Diversification Opportunities for Elbit Systems and Telsys

0.48
  Correlation Coefficient

Very weak diversification

The 3 months correlation between Elbit and Telsys is 0.48. Overlapping area represents the amount of risk that can be diversified away by holding Elbit Systems and Telsys in the same portfolio, assuming nothing else is changed. The correlation between historical prices or returns on Telsys and Elbit Systems is a relative statistical measure of the degree to which these equity instruments tend to move together. The correlation coefficient measures the extent to which returns on Elbit Systems are associated (or correlated) with Telsys. Values of the correlation coefficient range from -1 to +1, where. The correlation of zero (0) is possible when the price movement of Telsys has no effect on the direction of Elbit Systems i.e., Elbit Systems and Telsys go up and down completely randomly.

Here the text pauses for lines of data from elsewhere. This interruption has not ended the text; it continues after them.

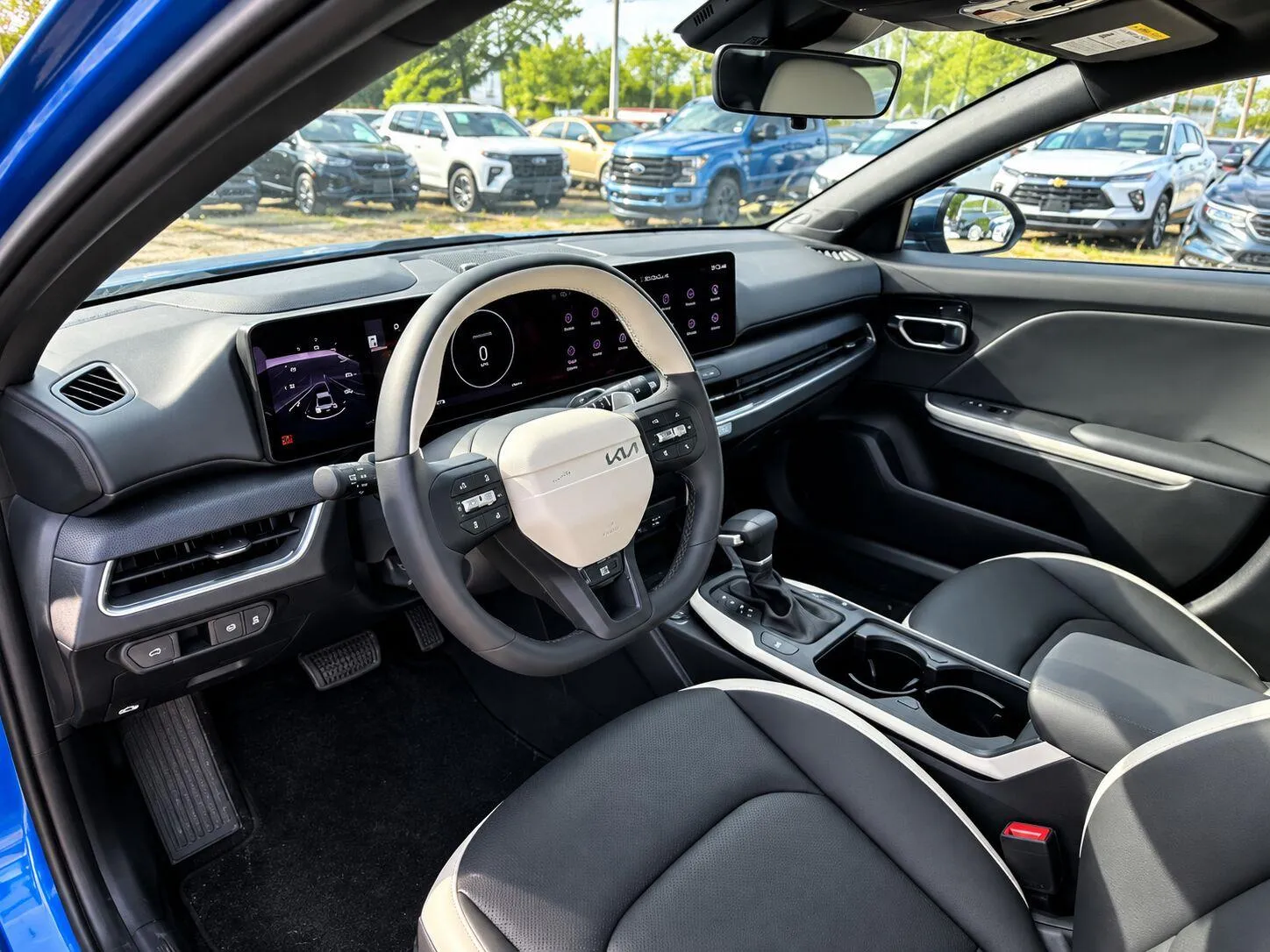 Kia K4 photo 12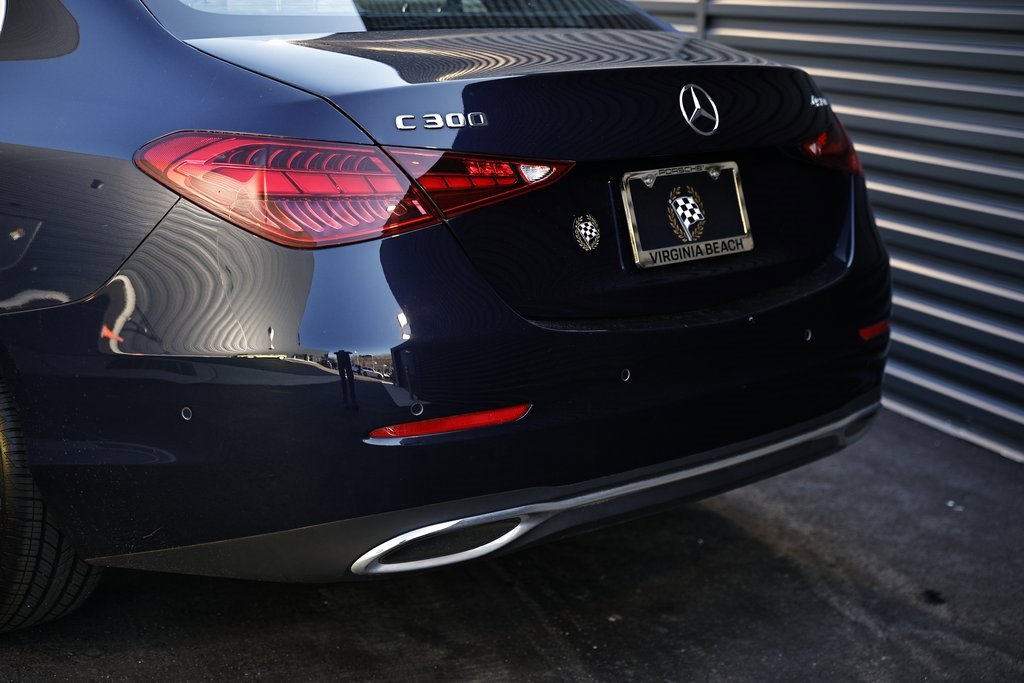 Used 2023 Mercedes-Benz C 300 4MATIC Sedan w/ Exclusive Trim Package image 9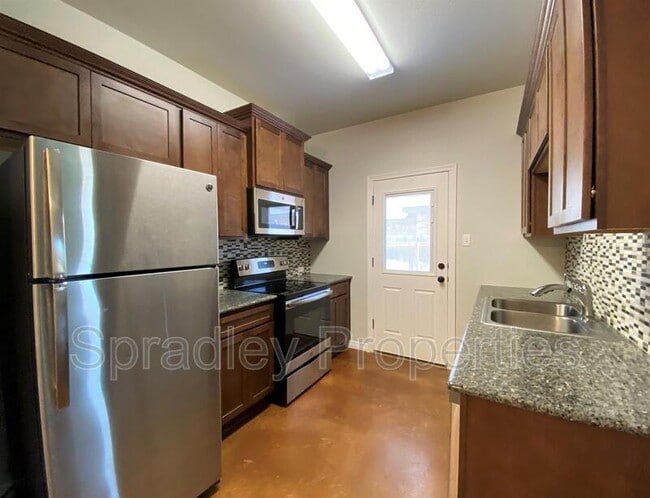 Photo - 204b Juniper Dr
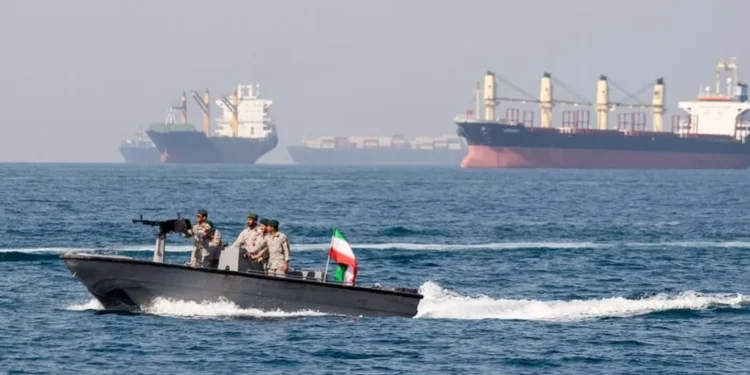 Ochenta países exigen reabrir Ormuz y condenan los ataques de Irán y los hutíes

Pair Corralation between Elbit Systems and Telsys

Assuming the 90 days trading horizon Elbit Systems is expected to generate 0.5 times more return on investment than Telsys. However, Elbit Systems is 1.99 times less risky than Telsys. It trades about 0.32 of its potential returns per unit of risk. Telsys is currently generating about 0.05 per unit of risk. If you would invest  8,075,747  in Elbit Systems on October 20, 2024 and sell it today you would earn a total of  2,574,253  from holding Elbit Systems or generate 31.88% return on investment over 90 days.
Time Period3 Months [change]
DirectionMoves Together 
StrengthWeak
Accuracy100.0%
ValuesDaily Returns

Elbit Systems  vs.  Telsys

 Performance 
       Timeline  
Elbit Systems 

Risk-Adjusted Performance

24 of 100

 
Weak
 
Strong
Solid
Compared to the overall equity markets, risk-adjusted returns on investments in Elbit Systems are ranked lower than 24 (%) of all global equities and portfolios over the last 90 days. Despite somewhat weak basic indicators, Elbit Systems sustained solid returns over the last few months and may actually be approaching a breakup point.
Telsys 

Risk-Adjusted Performance

3 of 100

 
Weak
 
Strong
Insignificant
Compared to the overall equity markets, risk-adjusted returns on investments in Telsys are ranked lower than 3 (%) of all global equities and portfolios over the last 90 days. Despite somewhat weak basic indicators, Telsys may actually be approaching a critical reversion point that can send shares even higher in February 2025.

Elbit Systems and Telsys Volatility Contrast

   Predicted Return Density   
       Returns  

Pair Trading with Elbit Systems and Telsys

The main advantage of trading using opposite Elbit Systems and Telsys positions is that it hedges away some unsystematic risk. Because of two separate transactions, even if Elbit Systems position performs unexpectedly, Telsys can make up some of the losses. Pair trading also minimizes risk from directional movements in the market. For example, if an entire industry or sector drops because of unexpected headlines, the short position in Telsys will offset losses from the drop in Telsys' long position.
The idea behind Elbit Systems and Telsys pairs trading is to make the combined position market-neutral, meaning the overall market's direction will not affect its win or loss (or potential downside or upside). This can be achieved by designing a pairs trade with two highly correlated stocks or equities that operate in a similar space or sector, making it possible to obtain profits through simple and relatively low-risk investment.
Check out your portfolio center.
Note that this page's information should be used as a complementary analysis to find the right mix of equity instruments to add to your existing portfolios or create a brand new portfolio. You can also try the Transaction History module to view history of all your transactions and understand their impact on performance.